Hopkins and Evelson wrote, “for example, natural language search requires interpretation of complex and highly variable grammar.” Put aside that grammar doesn’t vary so much; rather, it’s usage that is highly variable, ranging from grammatical to non. Natural-language processing (NLP) techniques, as implemented in search and text-analytics systems, deal with variable usage by modelling language. NLP facilitates entity and information extraction, applied for particular business purposes.
(NLP, text analytics, and their business applications are specializations of mine. An entity is a uniquely identiﬁable thing or object, for instance the name of a person, place, product, or pattern such as an e-mail address or Social Security Number. Extractable information may include attributes of entities, relationships among entities, and constructs such as events – “Michelle LaVaughn Robinson Obama (born January 17, 1964), an American lawyer and writer, is the wife of the 44th and current President of the United States.” – that we recognize as facts.)
IBM sees Veracity as a fourth Big Data V. (Like me, they don’t buy others’ advocacy of Variability, Validity, or Value as Big Data essentials.) Regarding Veracity, IBM asks, “How can you act upon information if you don’t trust it?”
Yet facts, whether captured in natural language or in a structured database, are not always true. False or out-dated data may nonetheless be useful, non-factual subjective data (feelings and opinions) too. Consider two statements, one asserting a fact and the other containing one that is no longer true. The second additionally expresses sentiment. Join me in concluding that data may contain Value unlinked from Veracity:
- “The Iraqi regime… possesses and produces chemical and biological weapons.” – George W. Bush, October 7, 2002.
- “I am glad that George Bush is President.” – Daniel Pinchbeck, writing ironically, June, 2003.
Veracity does matter. I’ll cite an old Russian proverb, “Trust, but verify.” That is, analyze your data – evaluate it in context, taking into account provenance – in order to understand it and use it appropriately.
4 Vs for Big Data Analytics
My aim in writing this article has been to differentiate the essence of Big Data, as defined by Doug Laney’s original-and-still-valid 3 Vs, from derived qualities, from the 4 or 5 new Vs proposed by various vendors, pundits, and gurus. The hope is to maintain clarity and stave off market-confusing fragmentation begotten by the wanna-Vs.

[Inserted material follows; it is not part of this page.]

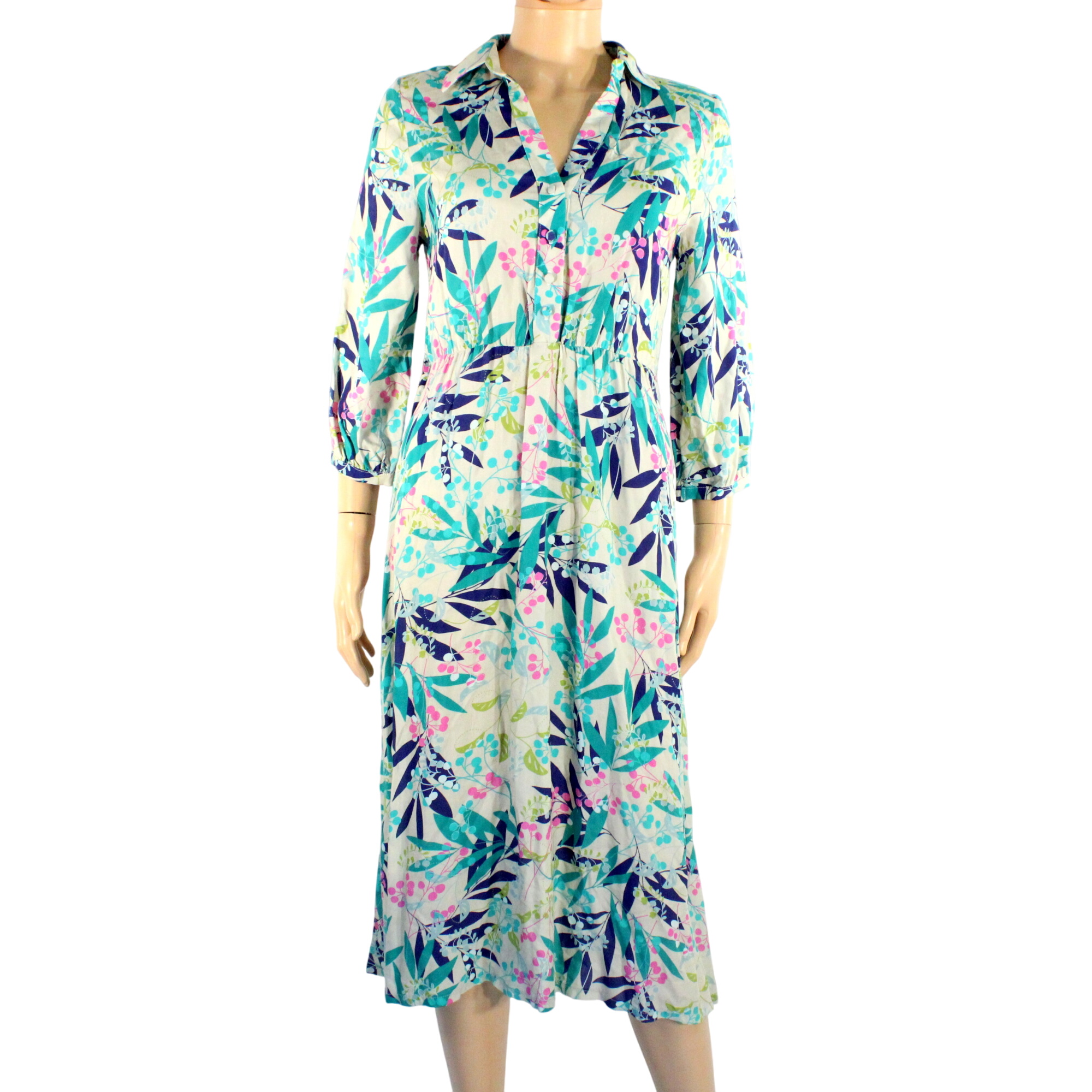 Robe Mi-Longue & Tropicale Bleu MAMOUCHKA Taille S - Label Emmaus - Modalova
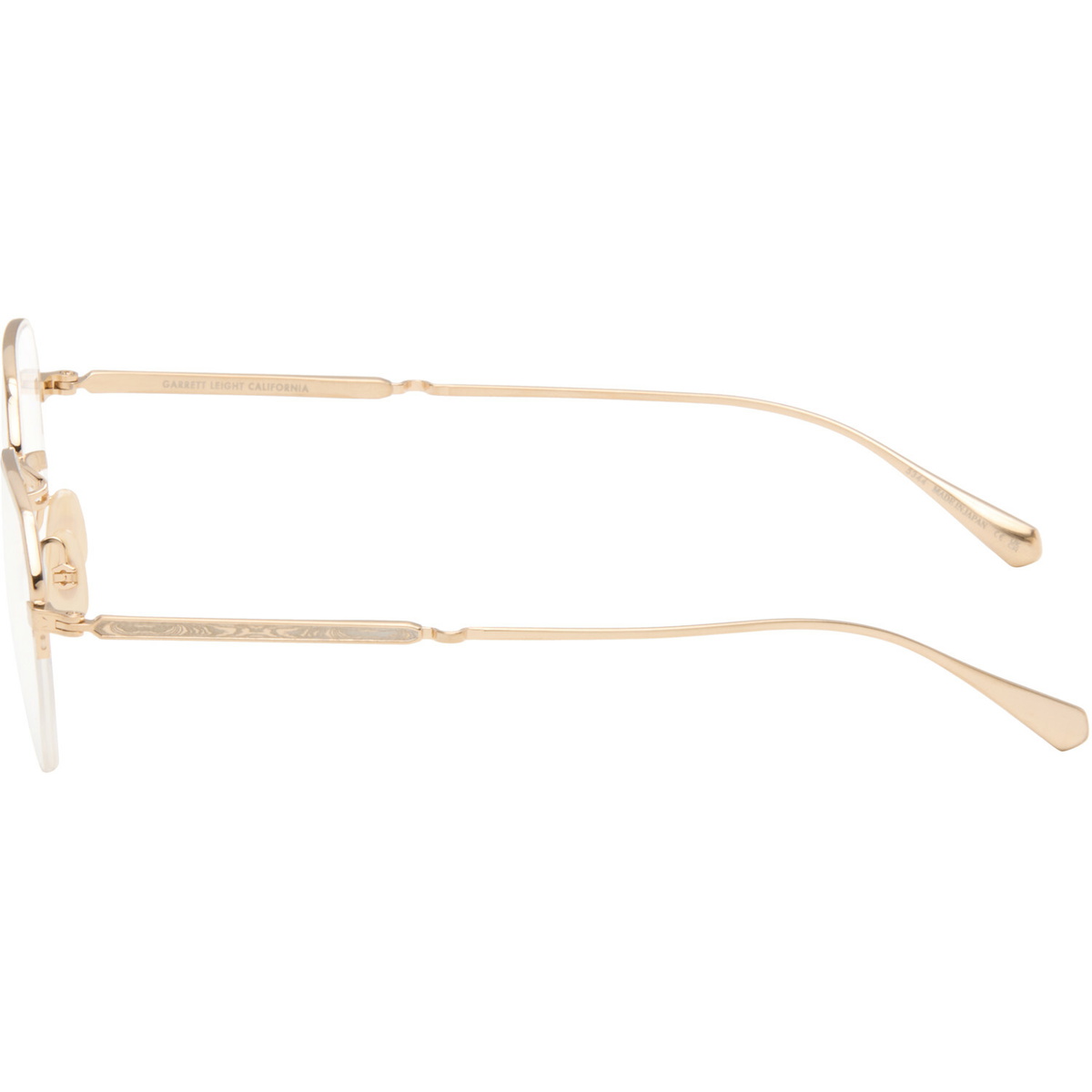 Garrett Leight Gold Alma Glasses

On one side of the divide we have data capture and storage; on the other, business-goal oriented filtering, analysis, and presentation. Databases and data streaming technologies answer the Big Data need; for the balance, the smart stuff, you need Big Data Analytics.
Variability, Veracity, Validity, and Value aren’t intrinsic, definitional Big Data properties. They are not absolutes. By contrast, they reflect the uses you intend for your data. They relate to your particular business needs.
You discover context-dependent Variability, Veracity, Validity, and Value in your data via analyses that assess and reduce data and present insights in forms that facilitate business decision-making. This function, Big Data Analytics, is the key to understanding Big Data.